Features of QDA Miner 6 
 New Grid mode for coding shorter responses
 Quotation Matrices
 Enhanced annotation feature
 Word frequency analysis and interactive word cloud
 Importation of Nexis UNI and Factiva Files
 Improved Importation of Excel, CSV and TSV files
 Deviation Table
 Export Results to Tableau Software
 Numerical Transformation
 Binning
 Support of Missing Values
 Silhouette plot
 Date transformation
 Improved code filtering feature
 Donut, Radar, 100% Stacked Bar and Area Charts
 Ordering of series in comparison charts
 Color Coding of items in Correspondence Plot
 Improved Bubble Chart
 Link Analysis Buffer
 New Table Format and Table Editor
 Several new options and interface improvements have been made to existing dialog boxes (code color selection, graphic options, etc.), management and analysis features.

Features of QDA Miner 5
 Import different formats of documents and images: PDF, Word, Excel, HTML, RTF, SPSS files, JPEG, etc.
 Import data from Facebook, Twitter, Reddit, RSS feeds within the software
 Import from directly reference managers tools and emails
 Perform GIS mapping with qualitative data
 Text retrieval tools: Keyword Retrieval, Query-by-Example, Cluster Extraction.

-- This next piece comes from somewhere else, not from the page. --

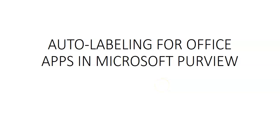Hi, my name is Ashish and in this video we will see auto labeling for office apps in Microsoft Purview.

 Statistical functions:  Coding frequencies, cluster analysis, coding sequences, coding by variables.
 Visualization tools: multidimensional scaling, heatmaps, correspondence analysis graphic, proximity plot.
 GeoTagging (GIS) and Time-Tagging tools
 Report manager tool to store queries and analysis results, tables and graphs, research notes and quotes.